Uneven as it is, Robert Pattinson’s Mickeys are the main players in the unwieldy and roiling space satire, and it is difficult not to feel for the guy(s). Bong’s (loose) adaptation of Edward Ashton’s novel retains some of the philosophical quandaries regarding identity, memory, and individuation. The film is excessively “of the moment” and that can be both a blessing and a curse. There’s no application of reason to an unreasonable world that will make sense, and as such Bong employs slapstick shenanigans to highlight how blood curdling the world of the ‘future-now’ is.
Mickey 17 is a minor work for Bong Joon-ho, but it is consistently engaging and absurd, sneaking in its ethical and ecological minefields for the unsuspecting. There are strong acting turns by the supporting cast who include Thomas Turgoose, Cameron Britton, Patsy Ferran, and Steve Park.
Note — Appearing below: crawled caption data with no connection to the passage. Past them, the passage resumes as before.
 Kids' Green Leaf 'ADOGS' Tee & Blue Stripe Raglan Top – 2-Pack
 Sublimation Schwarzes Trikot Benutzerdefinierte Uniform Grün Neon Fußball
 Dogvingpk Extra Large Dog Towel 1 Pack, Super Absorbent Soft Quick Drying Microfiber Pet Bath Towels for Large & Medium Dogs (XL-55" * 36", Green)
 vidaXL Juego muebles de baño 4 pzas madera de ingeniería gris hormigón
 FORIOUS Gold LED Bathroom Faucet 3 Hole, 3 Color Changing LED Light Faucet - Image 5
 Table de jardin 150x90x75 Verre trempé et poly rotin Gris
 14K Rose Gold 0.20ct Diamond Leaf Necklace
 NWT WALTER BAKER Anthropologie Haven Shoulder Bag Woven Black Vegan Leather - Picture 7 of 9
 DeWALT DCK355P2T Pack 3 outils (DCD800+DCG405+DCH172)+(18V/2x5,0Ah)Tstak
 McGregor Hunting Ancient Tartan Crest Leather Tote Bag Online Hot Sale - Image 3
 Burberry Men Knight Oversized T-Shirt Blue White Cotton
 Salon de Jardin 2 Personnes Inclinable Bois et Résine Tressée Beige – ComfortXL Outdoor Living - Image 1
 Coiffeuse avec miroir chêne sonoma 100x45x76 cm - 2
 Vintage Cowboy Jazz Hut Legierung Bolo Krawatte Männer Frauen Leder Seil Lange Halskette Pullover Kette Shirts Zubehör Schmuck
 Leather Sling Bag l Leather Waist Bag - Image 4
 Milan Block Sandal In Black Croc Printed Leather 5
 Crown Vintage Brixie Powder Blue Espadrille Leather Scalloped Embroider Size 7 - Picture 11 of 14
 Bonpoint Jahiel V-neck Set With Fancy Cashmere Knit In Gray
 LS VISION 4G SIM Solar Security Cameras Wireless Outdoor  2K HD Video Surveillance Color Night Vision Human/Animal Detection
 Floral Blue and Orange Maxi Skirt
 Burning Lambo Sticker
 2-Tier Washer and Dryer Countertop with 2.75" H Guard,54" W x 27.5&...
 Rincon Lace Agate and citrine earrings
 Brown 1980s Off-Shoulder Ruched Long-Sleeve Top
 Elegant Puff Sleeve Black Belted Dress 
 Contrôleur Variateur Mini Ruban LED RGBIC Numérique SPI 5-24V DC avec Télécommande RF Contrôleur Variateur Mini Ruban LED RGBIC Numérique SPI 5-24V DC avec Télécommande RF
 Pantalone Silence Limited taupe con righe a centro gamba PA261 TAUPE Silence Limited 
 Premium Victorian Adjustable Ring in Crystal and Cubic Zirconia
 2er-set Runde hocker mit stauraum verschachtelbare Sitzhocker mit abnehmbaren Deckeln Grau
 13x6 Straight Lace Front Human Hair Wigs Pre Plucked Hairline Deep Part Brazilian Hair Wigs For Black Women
Anyone expecting Parasite or Memories of a Murder and Host levels of Bong’s genius will be disappointed, but those who liked Okja and Snowpiercer will be more onboard with Mickey 17.
Director: Bong Joon-ho
Cast: Robert Pattinson, Naomi Ackie, Steven Yeun
Writer: Bong Joon-ho, (based on the novel Mickey7 by Edward Ashton)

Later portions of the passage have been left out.